A saber: Manuel Matias (pai) é cabeça de lista à Câmara Municipal de Almada; José Maria Matias (filho) é quinto na lista à Câmara Municipal de Lisboa; Rita Matias (filha) vai na lista a Alcochete; e Paulo Matias (irmão) segue na candidatura a Benfica no quarto lugar. Além do apelido e das relações familiares, os quatro têm em comum o facto de pertencerem à linha mais conservadora do partido.

As denúncias do alegado nepotismo no Chega arrastam-se há muito. A partir de agosto de 2020, quando o PPV se fundiu ao Chega, o clã Matias começou a ganhar um peso considerável na estrutura do partido para revolta de outros setores do partido. Em Évora, no II Congresso do Chega, Rita Matias, filha de Manuel Matias (ex-líder do PPV), entrou diretamente na direção do partido. Em Coimbra, no III Congresso, houve quem apontasse diretamente o dedo à vice-presidência do partido. Desta vez, com o clã Matias a ocupar vários lugares de destaque, voltaram as acusações: o Chega está a ir novamente contra tudo aquilo que prega.
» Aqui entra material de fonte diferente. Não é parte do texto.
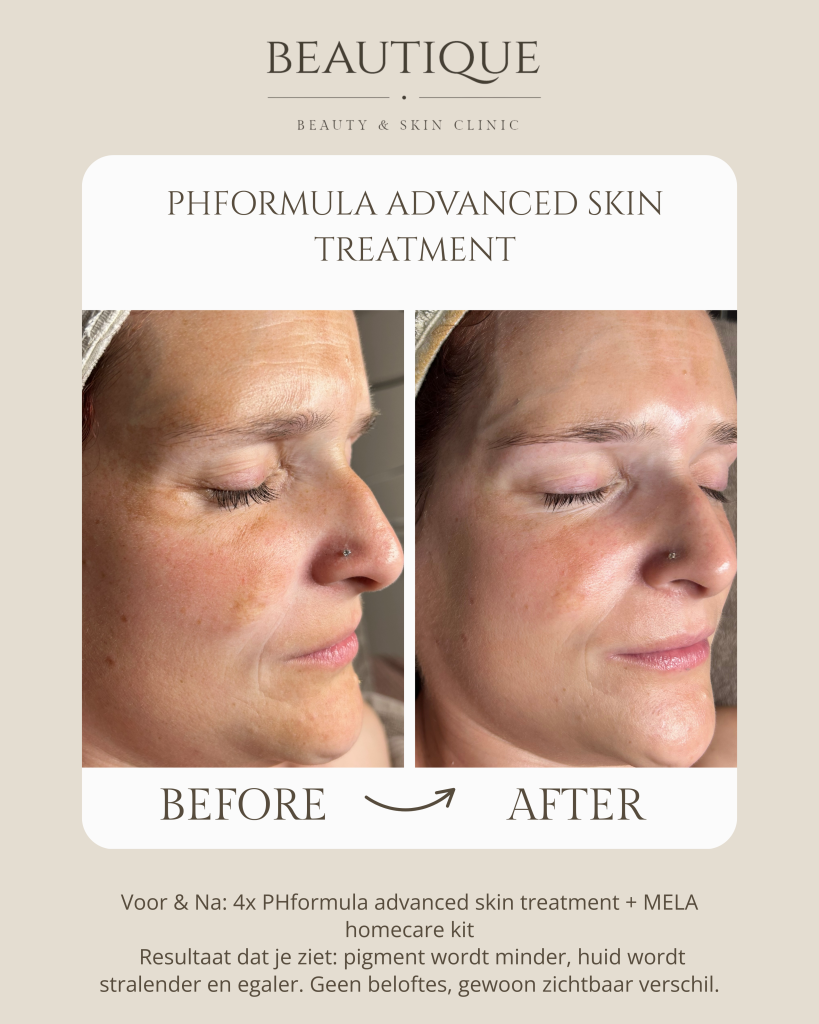 pigment behandeling oost vlaanderen 2 behandeling pigmentvlekken oneffen huid pigmentatie melasma in Ninove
Manuel Matias não compreende as acusações de nepotismo. Ao Observador, o candidato do Chega às autárquicas argumenta que, tal como acontecia no PPV, as ligações familiares são “naturais”. O Chega começou com poucas pessoas, isto é uma característica de todos os partidos de direita, é normal que haja familiares”, argumenta.